The funny thing about the fantasy-back-catalogue publishing ploy is that it's frequently foiled by bookshops and their crazy stocking plans. I was in a store the other day, and they had books 1 and 3 of GGK's Fionavar, but not 2. I don't know how this made sense to them. (And they didn't have Al-Rassan at all, which I need a new copy of, because my old one had just about been loved to death. Fie.)

Also: Hee. Thanks. *G* Although if I manage to sell it to the States, I will be set.

[identity profile] kidchyron.livejournal.com 2008-07-06 02:31 pm (UTC)(link)
Okay, seriously? You want an antidote? You want something else?
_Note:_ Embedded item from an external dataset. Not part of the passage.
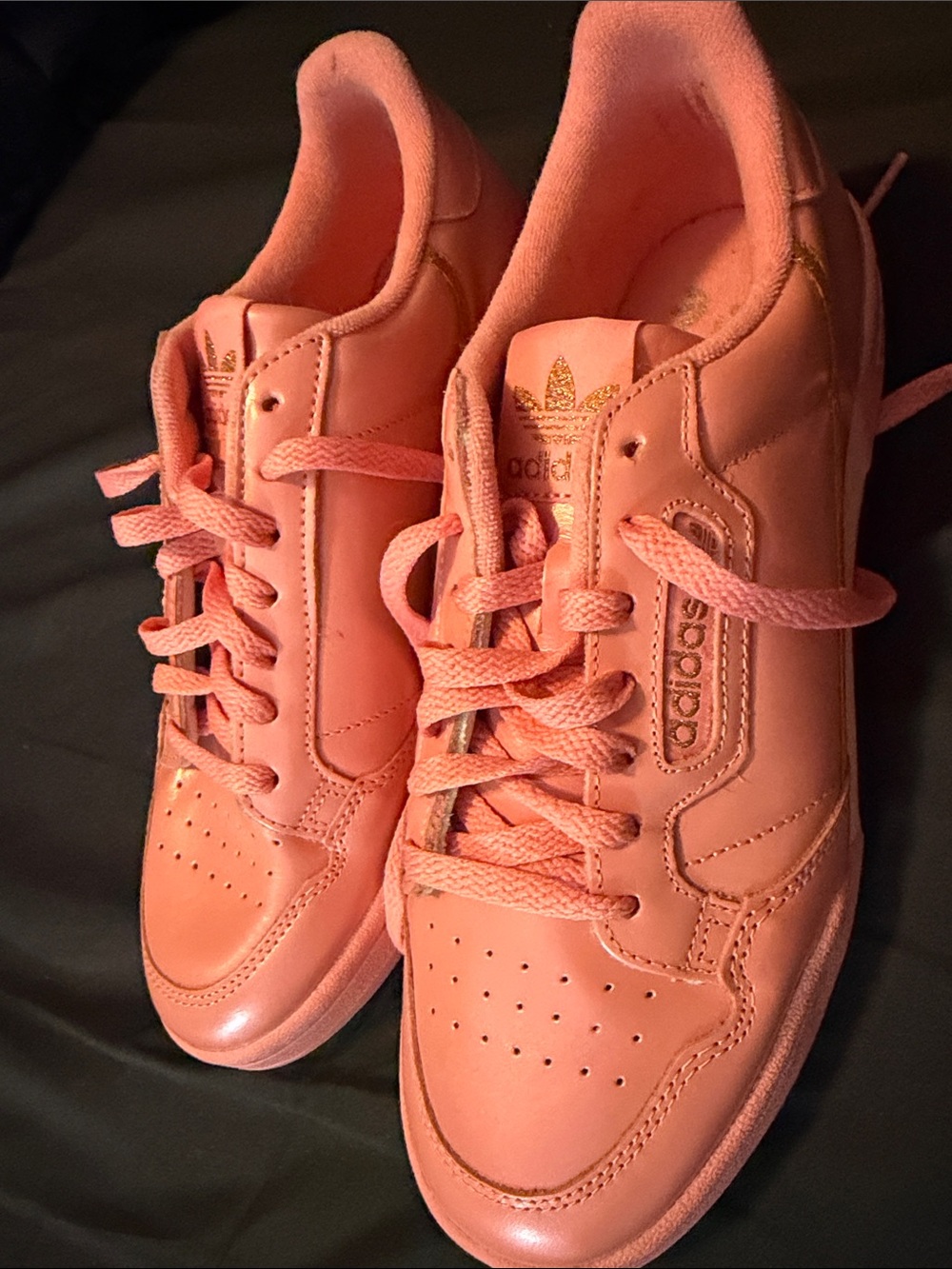 adidas Women’s Coral Pink Leather Casual Sneakers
The Lies of Locke Lamora by Scott Lynch.

Seriously.

[identity profile] mimesere.livejournal.com 2008-07-06 03:29 pm (UTC)(link)
*sheepish* I tried it and uh. Yeah. It didn't do a lot for me.

[identity profile] nyagosstar.livejournal.com 2008-07-07 03:06 am (UTC)(link)
seriously. this is why i don't read much in the way of adult fantasy anymore. i hit a wall-- i just can't take the poor, orphaned farm boy saving the world for one more second. as a culture, we have to have better ideas than this, and yet.

yep, there's another one, orphans are so good at saving the world, especially when they're 16 year old boys.

sigh.

have you read any ellen kushner?

[identity profile] mimesere.livejournal.com 2008-07-07 04:27 pm (UTC)(link)
I've read some Ellen Kushner. I liked Swordspoint but I kind of hated the sequel.

Honestly, I know it will never happen, but I want another in the Pointsman series from Melissa Scott and Lisa Barnett. Point of Hopes was the first book and Point of Dreams was the second and they are essentially police procedurals in an awesomely built world. So I like them a lot.
copracat: dreamwidth vera (Default)

[personal profile] copracat 2008-07-13 02:20 am (UTC)(link)
WRITING A GODDAMN NOVEL? WHY IS IT ALL TRILOGIES AND SERIES AND WHATNOT? TELL A GODDAMN STORY AND HAVE DONE.

I have been asking this question for nigh on fifteen years. I believe the answer must be either a)money and/or b)writer's desire.

It is why I have scarcely spent money on a fantasy book in fifteen years. Yes, writers and publishers, my money, you may not have it.